Objective: A disturbed day-night rhythm is associated with metabolic perturbations that can lead to obesity and type 2 diabetes mellitus (T2DM). In skeletal muscle, a reduced oxidative capacity is also associated with the development of T2DM. However, whether oxidative capacity in skeletal muscle displays a day-night rhythm in humans has so far not been investigated.
Methods: Lean, healthy subjects were enrolled in a standardized living protocol with regular meals, physical activity and sleep to reflect our everyday lifestyle. Mitochondrial oxidative capacity was examined in skeletal muscle biopsies taken at five time points within a 24-hour period.
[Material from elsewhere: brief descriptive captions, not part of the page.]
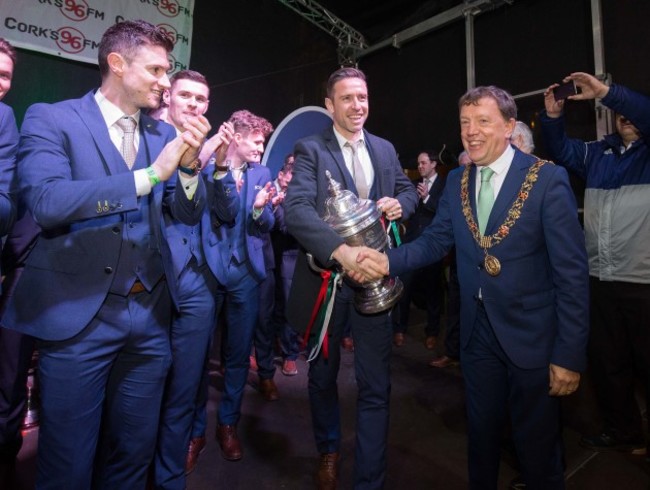 Mayor of Cork Tony Fitzgerald congratulates Alan Bennett with The Irish Daily Mail FAI Cup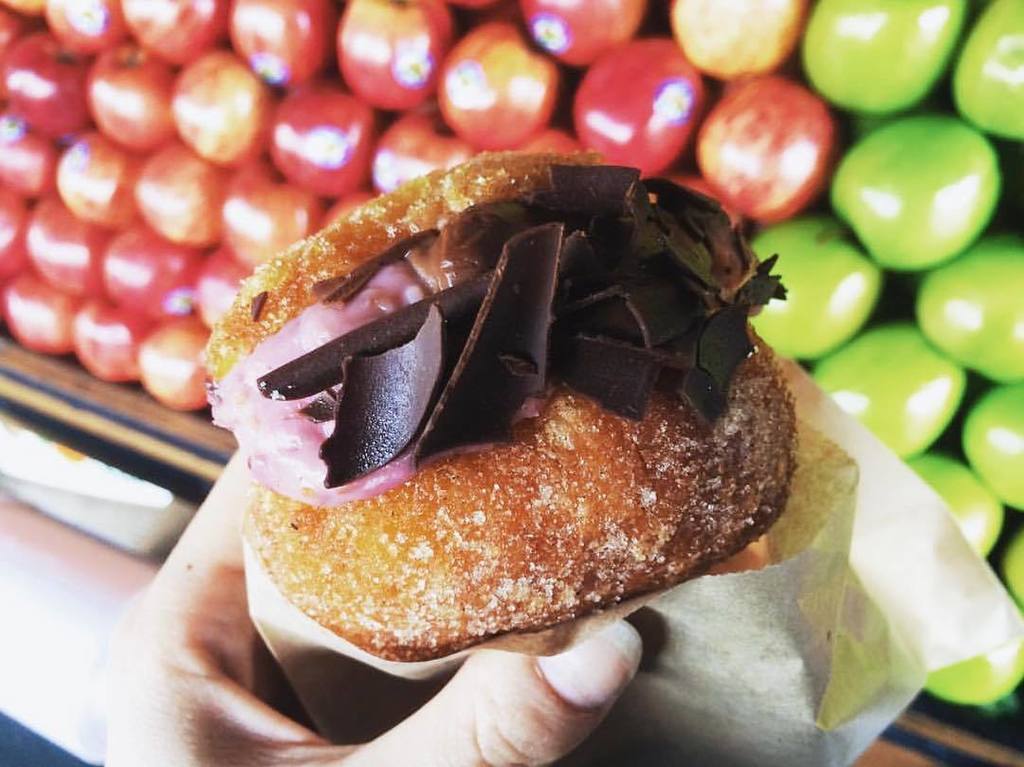 Market life!
📷 <a href="/mish/">mish</a>.melbourne 
#donuts #southmelbournemarket #clementcoffee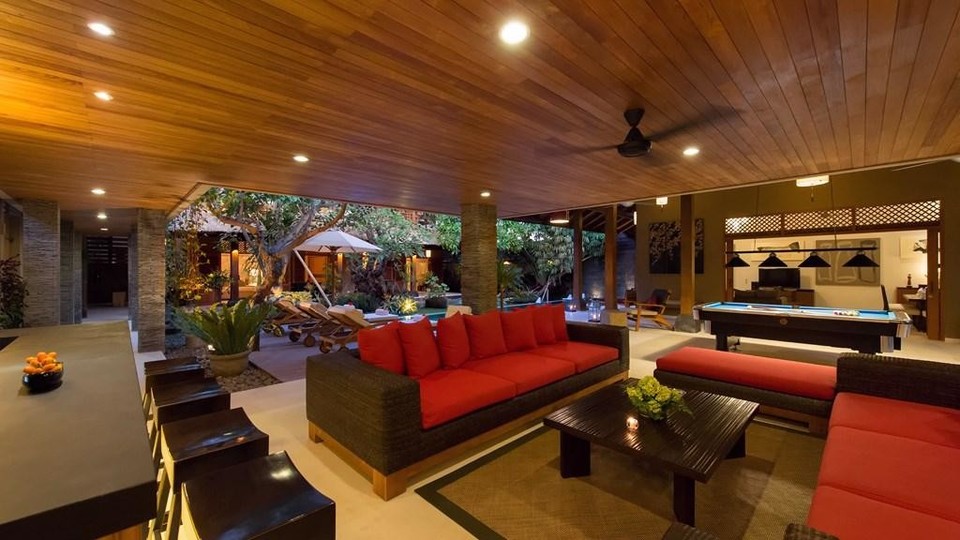 Ruhige Villa mit glitzerndem Swimmingpool, Bali Villa 2139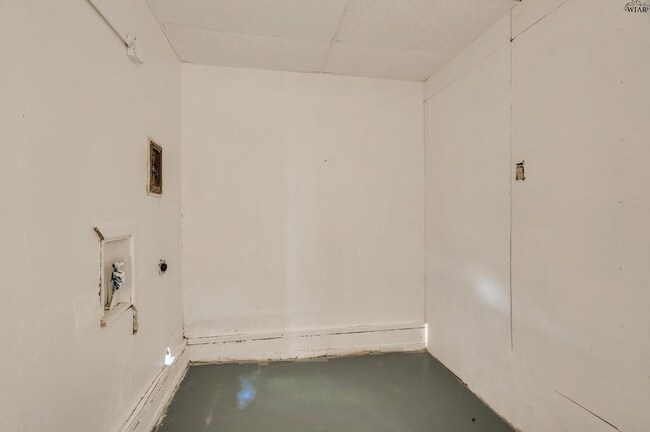 Building Photo - 604 E 1st St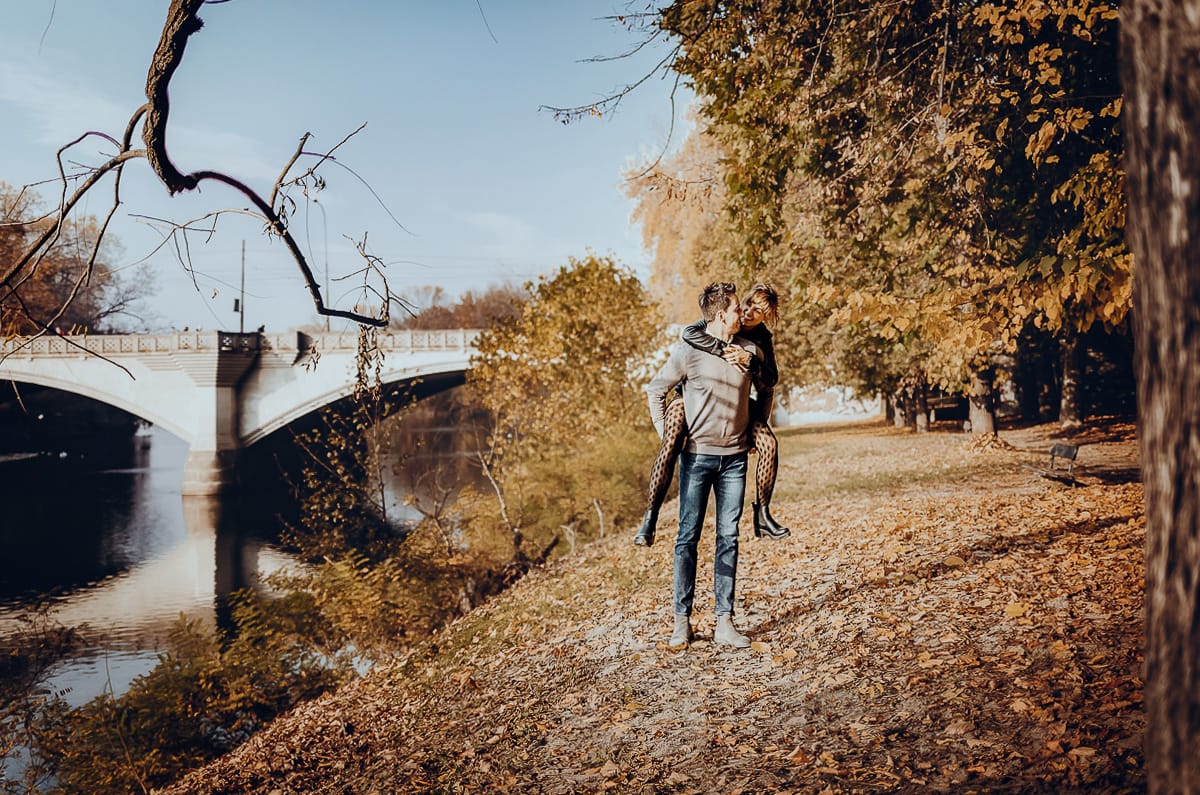 servizio fotografico prewedding da favola sul Lungo Po di Torino con il foliage autunnale. Cristina e Andrea giocano davanti al ponte sul Po che si riflette nell'acqua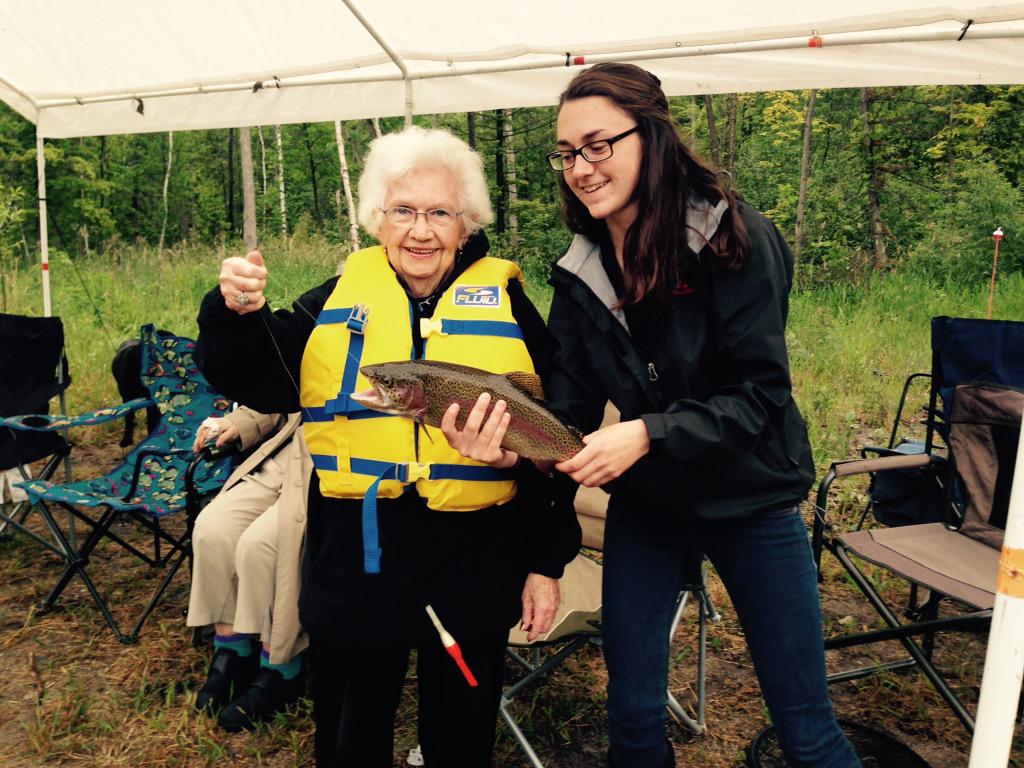 belleinthebush's tweet photo. @ToriEdwards13 Gr8 mentor to TiffinHouse resident Wilma.1stFish 18"Rainbow @LezlieOODMAG #fishingmemories http://t.co/4PqsUNQRNs
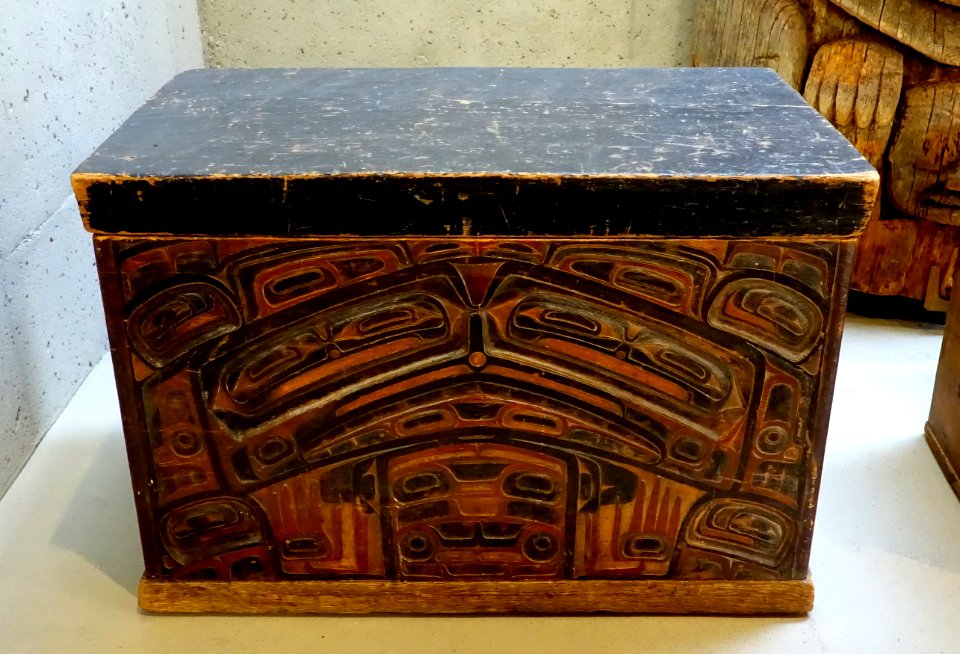 Bentwood chest, Haida, Haida Gwaii, British Columbia, c. 1850, yellow and red cedar - Museum of Anthropology, University of British Columbia - DSC08725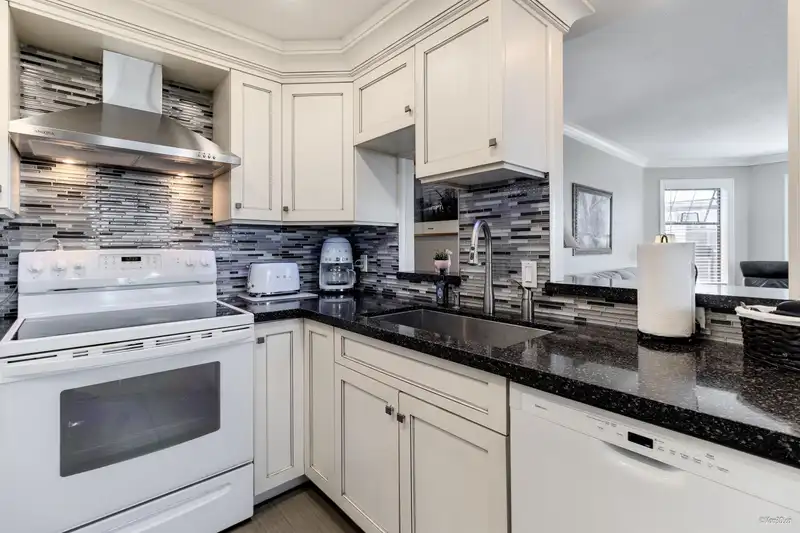 103 15080 PROSPECT AVENUE - photo 3 of 33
Results: Core-body temperature was lower during the early night, confirming a normal day-night rhythm. Skeletal muscle oxidative capacity demonstrated a robust day-night rhythm, with a significant time effect in ADP-stimulated respiration (state 3 MO, state 3 MOG and state 3 MOGS, p < 0.05). Respiration was lowest at 1 PM and highest at 11 PM (state 3 MOGS: 80.6 ± 4.0 vs. 95.8 ± 4.7 pmol/mg/s). Interestingly, the fluctuation in mitochondrial function was also observed in whole-body energy expenditure, with peak energy expenditure at 11 PM and lowest energy expenditure at 4 AM (p < 0.001). In addition, we demonstrate rhythmicity in mRNA expression of molecular clock genes in human skeletal muscle.
Conclusions: Our results suggest that the biological clock drives robust rhythms in human skeletal muscle oxidative metabolism. It is tempting to speculate that disruption of these rhythms contribute to the deterioration of metabolic health associated with circadian misalignment.
Keywords: BMAL1, brain and muscle ARNT-like 1; BMI, body mass index; Biological rhythm; CLOCK, circadian locomotor output cycles kaput; CRY, cryptochrome; Energy metabolism; FCCP, carbonyl cyanide-4-trifluoromethoxyphenylhydrazone; Mitochondria; Molecular clock; NADH, reduced nicotinamide adenine dinucleotide; Oxidative capacity; PER, period; RER, respiratory exchange ratio; RT-QPCR, Real-Time Quantitative Polymerase Chain Reaction; Skeletal muscle; T2DM, type 2 diabetes mellitus; TCA cycle, tricarboxylic acid cycle.